I am writing in response to Paula Moore’s guest column ("Community leaders, Humane Society must commit to new shelter," July 18).
I appreciate Moore’s opinion "that 99% of our city and county residents support the construction of a new shelter, and the construction of that facility is long overdue."
I also agree "both governments must, before the first dollar is handed out, receive in return some assurances that their investment will be worth the cost and that the Humane Society is running the shelter in an acceptable and efficient manner."
However, her insinuation of "waste or mismanagement" at the shelter is baseless and counterproductive. Monthly financial reports are compiled by Charles T. Mitchell Co. and submitted to all board members and officers. Harrod & Associates performs either a full audit or "Agreed Upon Procedures" report annually. The FCHS undergoes a full audit every three years; the last was for fiscal year 2017. We will be audited once again next year.
Board members and officers are volunteers. We neither receive compensation nor profit from the Humane Society.
In October 2011, total FCHS assets were $387,811. At the end of May 2019, they were $1,129,157. Our new building fund now (despite spending approximately $80,000 so far on new shelter schematic design, programming, technical exploration and marketing materials) is $543,752 vs. $37,481 in October 2011. Our reserve fund is $124,829 compared to $35,762 then. And our Myrna Mitchell fund restricted for spay/neuter services has grown from $186,768 to $204,979 despite annual expenditures of over $30,000.
We report financials and animal statistics to city and county government and have provided them with proforma budgets for the first three years in the new shelter.
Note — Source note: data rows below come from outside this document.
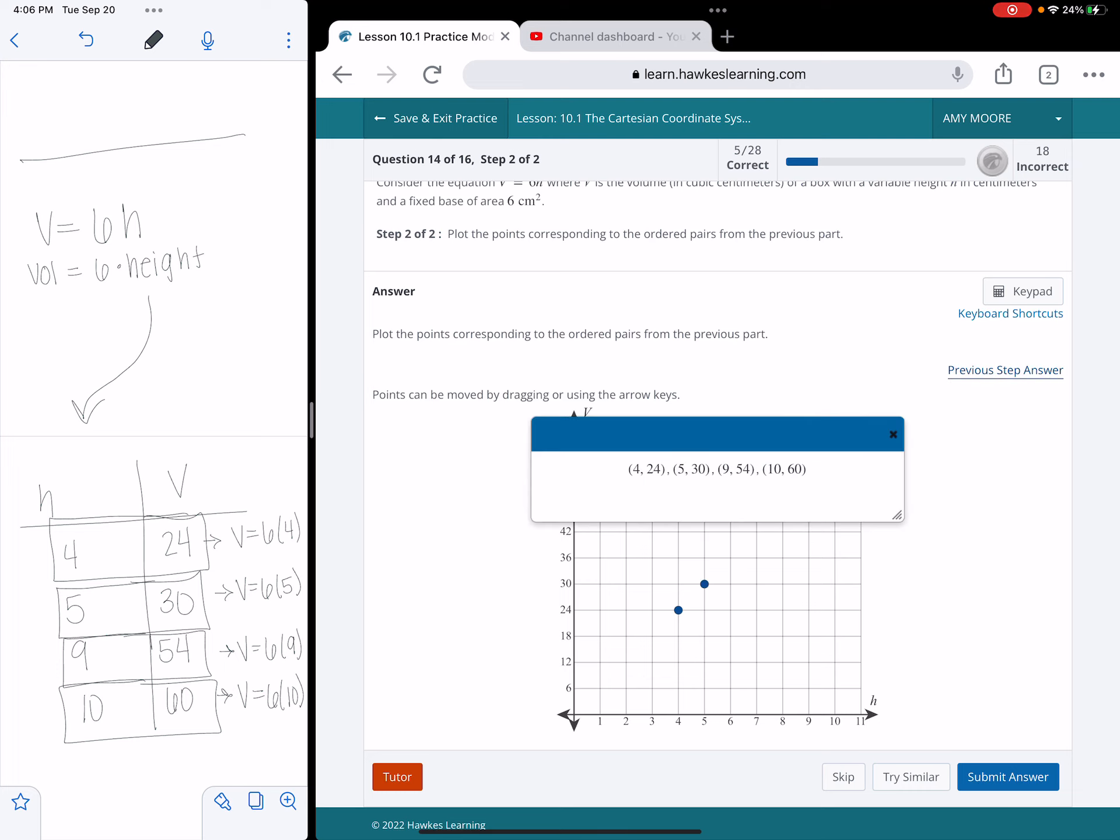A little trick, you can click this button that says previous step answer, and then it will actually show you the points there too. If you didn't happen to jot it down, it will also show you that in that little link.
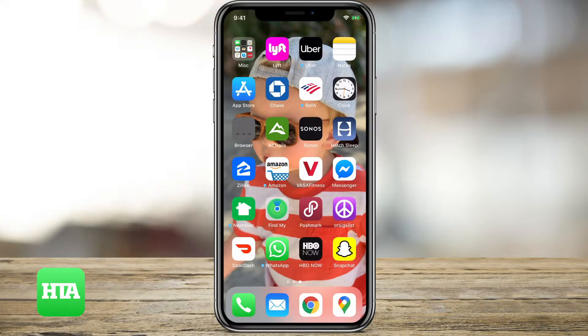Hey guys, Trevor here with How To Apps. In this tutorial, I'm gonna show you how to enable Snapchat to be able to access your videos and photos that you've taken in the past to be able to use those in your snaps.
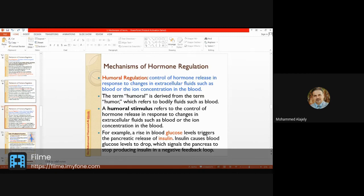Here we have control of hormone release in response to changes in extracellular fluid — blood ion or nutrient concentration. For example, glucose: glucose is not a hormone itself, but changes in blood glucose level trigger insulin release, which is the hormone responding to glucose levels. Some minerals can also affect ADH release.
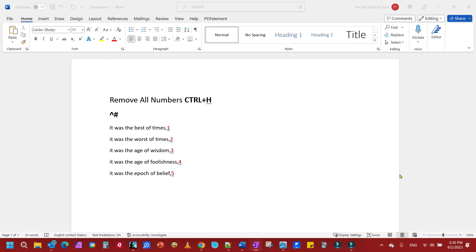This is going to be a quick video to show you how to remove numbers and characters from Word documents. I've got five different examples that I'm going to show you with different scenarios. The first one is just to remove a number.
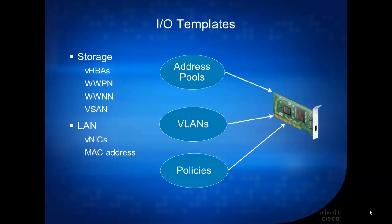I/O templates will basically pull an address from a set of pools that you have predefined. So you have a pool of MAC addresses, you have a pool of worldwide node names, worldwide port names that you can pull from.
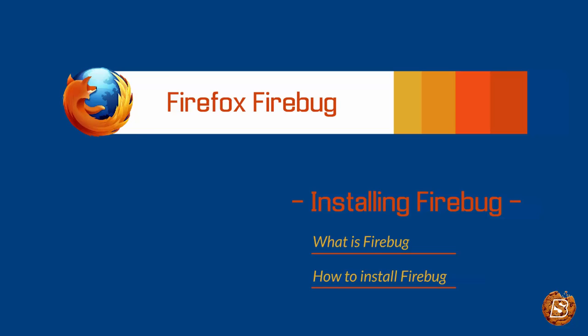Web developers use Firebug to inspect the behavior of HTML and cascading style sheets, and modify style and layout with a true what-you-see-is-what-you-get interface. Developers are also able to debug JavaScript, detect website performance, and track cookies and sessions.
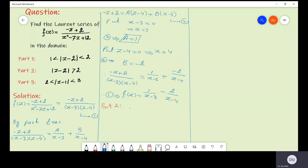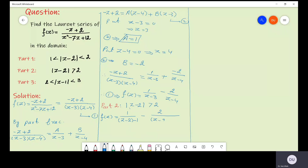Now let us find the Laurent series in the domain given in part two, which is absolute value of z minus 2 greater than 2. From the given function, f of z equals 1 over (z minus 2 minus 1) minus 2 over (z minus 2 minus 2). In the given domain, z minus 2 is greater than 2 and also greater than 1, so we take z minus 2 as common in both terms.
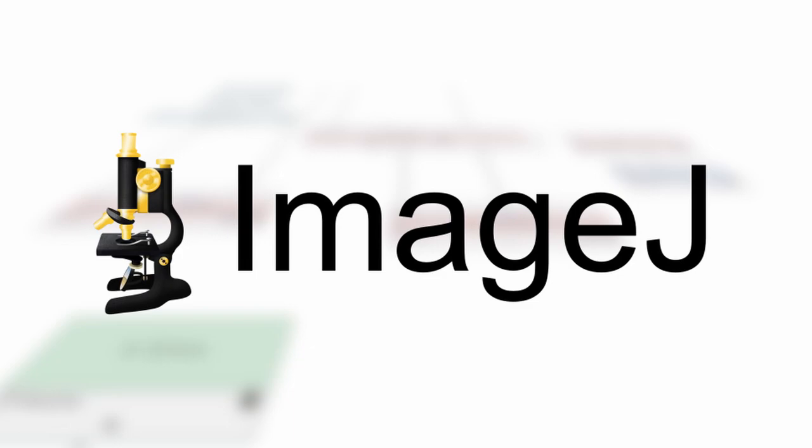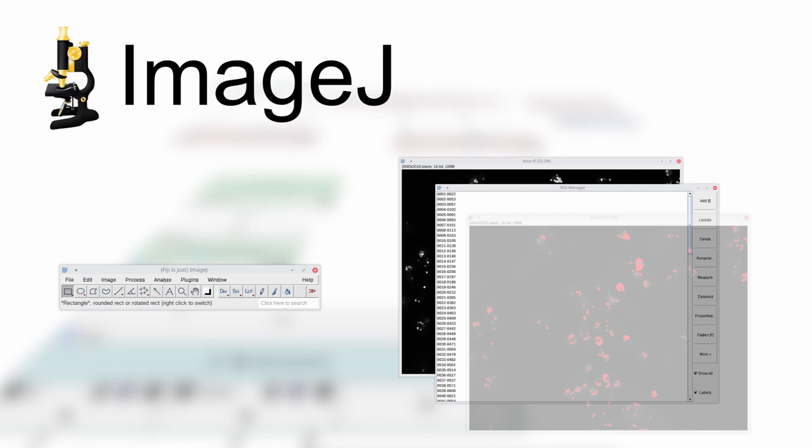Tools like ImageJ aid in the processing of such images by providing an easy-to-learn graphical user interface for tools like image filters, extracting measurements, and visualization.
Most importantly, our success rate for all animals is now above 90% for the first time is FCHS history. In 2010 65% of animals that came into the shelter were euthanized.
Local government underfunding of the shelter is a separate issue and the board treats it as such. We review our contracts before renewal and act accordingly.
We strongly believe current meetings with local government officials will demonstrate the efficacy of our new shelter plans and agree wholeheartedly with Moore "that governments find the funds for what they really want. It's past time for this to happen."